Create Contentful assets from new Figma file versions
Add to your Buffer queue from new Figma file versions
Save Figma images to Google Drive when files update
Communicate with stakeholders and triage feedback
Your design team may spend much of their day working in Figma, but the rest of your team probably camps out in other tools. To make sure everyone sees when new comments crop up, you can automatically route them to the apps your teammates actually have open.
Pipe those comments into Jira, Trello, and Asana to capture follow-ups in your team's issue and task tracking systems. When someone adds a comment in Figma, a Zap can make sure a Jira issue appears, a Trello card gets added, or an Asana task is created. You can even connect Figma to chat apps like Slack or Teams. Try starting with a simple automated process that sends all new comments to a triage system, then refine it later with keywords or file scope filtering as you learn what works best for your team.
Want to close the loop?
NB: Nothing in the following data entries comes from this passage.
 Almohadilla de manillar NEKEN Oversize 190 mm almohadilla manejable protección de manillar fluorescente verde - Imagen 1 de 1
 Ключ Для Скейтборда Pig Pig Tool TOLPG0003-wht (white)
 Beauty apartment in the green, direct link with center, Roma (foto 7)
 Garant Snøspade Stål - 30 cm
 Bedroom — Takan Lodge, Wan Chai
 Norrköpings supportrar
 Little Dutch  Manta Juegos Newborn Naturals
Add a React to Comment Figma step to show that the incoming comment has been captured and someone's acting on it. Or add a Create Comment Figma step with a link to the task along with additional details, like the owner or due date.
With this setup, teammates in Figma can see the status without switching tools, and your task system stays connected to the original context.
Create Jira issues from new Figma comments and react to them
Create Asana tasks from new Figma comments with linked responses
Get Microsoft Teams notifications for new Figma comments
Send Slack notifications and react to new Figma comments
Pro tip: Want to get more specific about which comments go where? By adding path steps to your Zap, you can route comments to different channels based on project type or file naming convention. You could also use filter steps to exclude comments that don't meet certain criteria, like only routing urgent feedback. Read our guides to getting started with Paths by Zapier and Filter by Zapier.

Improve your design workflow with Figma and Zapier
Turn design work into a set of repeatable steps that get completed on their own. Let comments become trackable tasks and updates. Have versions write their own logs and release notes. And render named frames into real assets for your site and social. That way, instead of chasing links or exports, you'll get a clear record of changes and faster reviews.
Even if you start with just one or two templates, you'll immediately see the value of fewer manual touches. And these workflows are just the start of what you can accomplish with Figma and Zapier. What will you automate first?